The top internal surface of the mounting kit has a groove for each Pi slot, which allows an assembled node to slide in and lock into place. Each node is formed from a simple ‘tray’ onto which a Pi can be attached to one side and an optional 2.5″ SSD to the other. The intention is to use a USB-to-SATA adaptor cable to hook up the drive. Raspberry Pi OS supports them out-of-the-box with zero configuration, which is nice. The new ones are USB 3.0, so they’re not slow either, just a little slower than native SATA would be. Since the Raspberry Pi does not have SATA connectivity, this is not something I can compare. Anyway, it’s mechanically simple and seemed fairly robust, or at least as robust as something 3D printed can be.
The first build
I assembled a few Pi4s and a random Pi3 for the shots above to show what happens to PLA-printed parts over the summer. I built the array a few months ago, and even in the south of the UK, the internal temperature of my workshop can exceed 40 degrees! Whilst the glass transition temperature of PLA is around 60 degrees, the constant force applied by twisted cables and the application of this level of heat has warped nearly all of the Pi mounting brackets slightly. Clearly I need to reprint the mounting brackets in a more suitable material and reassemble. Luckily, this is easy as each node is only secured with four screws in total. I think PETG should be fine for this, so I’ll get on with that and post an update when it’s finished. In the meantime, allow me to move on to why I’m doing this in the first place. Electrically, it works; it’s just not too pretty!
Motivation
I’m building this monstrosity to learn more about parallel computing and building distributed applications and servers. I want to learn more about Docker and, eventually, Kubernetes. It will also be useful for learning Ansible and creating a testing and staging ground. In short, there are dozens of reasons to do this; I want to learn more, so that is enough motivation for me.

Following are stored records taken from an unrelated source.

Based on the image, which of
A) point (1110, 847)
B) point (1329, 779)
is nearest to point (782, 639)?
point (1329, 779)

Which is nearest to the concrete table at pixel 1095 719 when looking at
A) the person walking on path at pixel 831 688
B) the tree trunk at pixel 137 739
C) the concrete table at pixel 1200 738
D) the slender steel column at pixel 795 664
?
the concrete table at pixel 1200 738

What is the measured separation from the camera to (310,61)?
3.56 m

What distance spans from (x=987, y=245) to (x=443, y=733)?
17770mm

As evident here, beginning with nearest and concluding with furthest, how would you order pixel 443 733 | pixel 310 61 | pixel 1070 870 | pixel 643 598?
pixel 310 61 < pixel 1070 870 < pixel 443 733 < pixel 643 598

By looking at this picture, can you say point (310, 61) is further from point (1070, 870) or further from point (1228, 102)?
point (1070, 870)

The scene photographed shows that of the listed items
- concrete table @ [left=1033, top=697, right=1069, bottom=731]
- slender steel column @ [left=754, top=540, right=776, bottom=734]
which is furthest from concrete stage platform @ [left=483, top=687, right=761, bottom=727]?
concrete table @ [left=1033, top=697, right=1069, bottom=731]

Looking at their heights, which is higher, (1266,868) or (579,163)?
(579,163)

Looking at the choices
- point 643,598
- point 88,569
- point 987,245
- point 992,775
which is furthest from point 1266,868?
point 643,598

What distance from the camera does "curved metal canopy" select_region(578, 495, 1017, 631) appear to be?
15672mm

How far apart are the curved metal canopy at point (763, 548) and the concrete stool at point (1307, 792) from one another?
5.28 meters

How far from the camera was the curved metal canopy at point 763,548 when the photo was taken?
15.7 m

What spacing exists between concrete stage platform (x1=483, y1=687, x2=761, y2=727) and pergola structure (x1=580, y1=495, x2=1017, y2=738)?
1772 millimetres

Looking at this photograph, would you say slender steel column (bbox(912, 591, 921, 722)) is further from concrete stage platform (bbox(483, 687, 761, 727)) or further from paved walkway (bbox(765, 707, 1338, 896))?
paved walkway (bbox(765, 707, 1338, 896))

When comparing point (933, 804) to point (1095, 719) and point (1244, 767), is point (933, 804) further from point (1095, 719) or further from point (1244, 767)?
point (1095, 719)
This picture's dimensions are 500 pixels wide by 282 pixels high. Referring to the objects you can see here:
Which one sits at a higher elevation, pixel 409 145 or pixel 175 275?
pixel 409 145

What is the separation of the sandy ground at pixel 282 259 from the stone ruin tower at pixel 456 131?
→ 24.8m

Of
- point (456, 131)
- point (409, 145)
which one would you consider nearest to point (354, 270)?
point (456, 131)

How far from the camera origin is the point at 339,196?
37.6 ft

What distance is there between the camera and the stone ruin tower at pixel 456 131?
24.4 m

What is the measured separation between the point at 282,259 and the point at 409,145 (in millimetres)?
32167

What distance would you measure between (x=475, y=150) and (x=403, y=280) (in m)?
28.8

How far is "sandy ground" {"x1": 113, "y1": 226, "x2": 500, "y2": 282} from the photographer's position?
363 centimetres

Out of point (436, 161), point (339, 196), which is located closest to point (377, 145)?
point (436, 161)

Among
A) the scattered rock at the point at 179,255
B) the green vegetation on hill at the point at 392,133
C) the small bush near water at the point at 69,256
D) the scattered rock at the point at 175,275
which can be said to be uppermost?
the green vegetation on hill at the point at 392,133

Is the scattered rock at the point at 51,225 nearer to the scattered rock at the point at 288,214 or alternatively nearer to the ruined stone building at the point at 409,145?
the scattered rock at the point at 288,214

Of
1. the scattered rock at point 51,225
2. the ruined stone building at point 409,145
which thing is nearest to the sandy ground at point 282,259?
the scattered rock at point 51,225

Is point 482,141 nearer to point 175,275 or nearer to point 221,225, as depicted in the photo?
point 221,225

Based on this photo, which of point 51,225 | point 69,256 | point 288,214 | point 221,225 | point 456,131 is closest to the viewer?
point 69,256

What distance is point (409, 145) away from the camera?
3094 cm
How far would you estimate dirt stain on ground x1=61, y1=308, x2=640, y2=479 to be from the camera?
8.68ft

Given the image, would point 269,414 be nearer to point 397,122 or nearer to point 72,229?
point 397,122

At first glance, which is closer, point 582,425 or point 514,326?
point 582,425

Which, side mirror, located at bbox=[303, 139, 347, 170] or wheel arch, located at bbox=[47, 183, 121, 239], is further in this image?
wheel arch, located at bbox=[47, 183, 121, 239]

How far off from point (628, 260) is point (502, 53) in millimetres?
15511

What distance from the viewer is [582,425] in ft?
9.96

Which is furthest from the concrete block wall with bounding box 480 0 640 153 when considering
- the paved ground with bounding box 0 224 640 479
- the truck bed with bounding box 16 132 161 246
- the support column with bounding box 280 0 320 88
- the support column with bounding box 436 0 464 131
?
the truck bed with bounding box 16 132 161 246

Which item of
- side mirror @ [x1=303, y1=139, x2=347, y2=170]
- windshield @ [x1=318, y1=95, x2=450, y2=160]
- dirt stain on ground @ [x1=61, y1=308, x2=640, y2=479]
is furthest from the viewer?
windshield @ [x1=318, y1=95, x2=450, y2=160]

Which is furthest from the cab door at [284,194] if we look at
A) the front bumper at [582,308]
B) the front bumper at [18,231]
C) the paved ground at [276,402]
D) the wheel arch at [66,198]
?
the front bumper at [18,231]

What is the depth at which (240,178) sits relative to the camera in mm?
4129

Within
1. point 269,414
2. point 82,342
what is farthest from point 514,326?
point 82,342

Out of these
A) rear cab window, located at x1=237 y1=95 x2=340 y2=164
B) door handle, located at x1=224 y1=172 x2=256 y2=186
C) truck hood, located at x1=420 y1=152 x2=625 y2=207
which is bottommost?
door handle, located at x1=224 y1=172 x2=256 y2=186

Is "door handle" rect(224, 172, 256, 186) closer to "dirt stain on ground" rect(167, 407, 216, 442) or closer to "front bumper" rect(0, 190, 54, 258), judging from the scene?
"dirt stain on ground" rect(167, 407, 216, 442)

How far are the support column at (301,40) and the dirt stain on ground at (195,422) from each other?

After loading a fresh copy of Raspberry Pi OS onto each SDCard and booting up the array, I set to installing Docker.
curl -sSL https://get.docker.com | sh
sudo usermod -aG docker $USER
Since there’s quite a lot of learning needed with docker, I decided to take an easier route to get going and installed Portainer. Portainer runs as a docker container, but installing it is straightforward.
docker pull portainer/portainer-ce:latest
docker volume create portainer_data
docker run -d -p 8000:8000 -p 9443:9443 --name portainer --restart=always -v /var/run/docker.sock:/var/run/docker.sock -v portainer_data:/data portainer/portainer-ce:latest
This pulls down the latest Portainer binary, creates a data volume for storing Portainer config data, and creates a new container with the image. The container is bound to port 8000 for HTTP and 9443 for HTTPS. After browsing the server, you’re prompted to set up an admin user. From there, pulling down images, creating new containers, and all associated admin is a lot easier.
As I rebuild the hardware and get some more interesting applications running, more updates will follow.